A growing number of countries are adopting citizenship laws that are a mix of the two. Whereas countries often initially adopted either jus soli or jus sanguinis rules, many countries have recently changed their policies to move toward the other vision.

In 1999, Germany significantly reformed its jus sanguinis–based citizenship law, making it possible for foreigners residing in Germany for years—particularly foreign children born there—to acquire German citizenship.

On the other hand, countries such as the United Kingdom have tightened the rules of jus soli and do not automatically grant citizenship to people born on its soil. The chart (next page) illustrates the distribution of citizenship laws across the world.

In continental Europe, jus soli has historically been the dominant choice, a reflection of the feudal tradition linking people to the lord on whose land they were born (Bertocchi and Strozzi 2010).

Most European nations drafted citizenship laws according to this model during the 19th century, as did Japan, which modeled its constitutional law on that of continental Europe.

France is an exception. The French Revolution broke this feudal link, and jus sanguinis prevailed. At the end of the 19th century, France reverted to jus soli to beef up its population, after losing the war against Prussia, and to integrate foreign communities, a step that would make for a strong military. The British, however, kept jus soli at home and throughout the British Empire.

Countries such as the United States chose jus soli, as would be expected in a country of immigrants. With the specific aim of protecting the birthright of black slaves, the US Constitution’s 14th Amendment in 1868 encoded the jus soli principle.

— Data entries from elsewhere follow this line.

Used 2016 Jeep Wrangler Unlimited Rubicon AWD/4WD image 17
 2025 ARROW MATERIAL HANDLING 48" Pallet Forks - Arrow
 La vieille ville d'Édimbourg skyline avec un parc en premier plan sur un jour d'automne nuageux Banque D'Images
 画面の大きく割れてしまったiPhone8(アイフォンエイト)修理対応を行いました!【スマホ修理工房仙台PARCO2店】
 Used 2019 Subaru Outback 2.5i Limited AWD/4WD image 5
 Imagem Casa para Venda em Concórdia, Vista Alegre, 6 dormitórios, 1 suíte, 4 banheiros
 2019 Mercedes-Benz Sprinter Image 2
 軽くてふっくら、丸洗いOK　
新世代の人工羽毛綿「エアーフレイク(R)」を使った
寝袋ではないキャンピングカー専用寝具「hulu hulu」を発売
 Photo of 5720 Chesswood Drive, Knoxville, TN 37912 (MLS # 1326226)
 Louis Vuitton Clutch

The relatively limited benefits of US citizenship versus US residency— a topic relevant to more than the United States, which deserves separate consideration—also meant limited fiscal costs of providing citizenship to a newcomer and the potential upside of an extra worker. (The cost of education fell on the migrant’s home country; see Bertocchi and Strozzi 2010).

Similarly, Canada, a large and sparsely populated country, welcomed immigrants with a jus soli citizenship law.

In colonized countries, citizenship laws were in general initially transferred from the colonial power (Bertocchi and Strozzi 2010). Countries with a strong national identity, such as China, Egypt, and Japan, typically make it hard to acquire nationality or obtain a second passport.

Other countries— particularly newer Western Hemisphere countries—typically make it easier to be naturalized.

Many African countries, formed by British, French, and Portuguese colonial powers, lacked national cohesion. At independence, citizenship laws were revised: most former French colonies initially stuck with jus soli; former British and Portuguese colonies tended to switch to jus sanguinis, driven by ethnic considerations.

Because many countries were artificially formed without consideration for local ethnic diversity, leading to political instability, jus sanguinis was thought to bolster national identity.

Such was the case in Sierra Leone, for instance, where the 1961 Constitution limited citizenship to transmission by descent, and only for those with black-African fathers and grandfathers. But in a heterogenous ethnic environment with forced migration the law excluded various ethnic and tribal groups, causing alienation and conflict, especially in the context of weak institutions.

The Congolese Constitution of 1964, for instance, in an effort to exclude Rwandan immigrants, recognized as citizens only those whose parents were members of tribal groups established within the territory before 1908 (see Bertocchi and Strozzi 2010). Predictably, the marginalization of certain groups—and in some cases the creation of de facto stateless people who would later rebel—was a consequence.

How do citizenship rights affect economic development? The data vividly illustrate the striking difference in the average real GDP per capita in jus soli countries versus non–jus soli developing economies.

In 2014, income per capita in the former group was 80 percent higher than in the latter. Splitting the sample of non–jus soli and jus sanguinis countries confirms that jus soli countries are richer, but there is no clear pattern when comparing mixed regimes with jus sanguinis countries.

Why the difference? Citizenship laws can be thought of as conflict-resolving or conflict-generating institutions. If inclusive, they can provide positive social capital, raising trust, cutting transaction costs, and reducing the probability and intensity of conflict.

This is especially true when other conflict-resolution institutions lack teeth (for example, government is corrupt or the courts are weak), as in most developing economies. In principle, jus sanguinis makes integration more difficult and hence hurts economic development.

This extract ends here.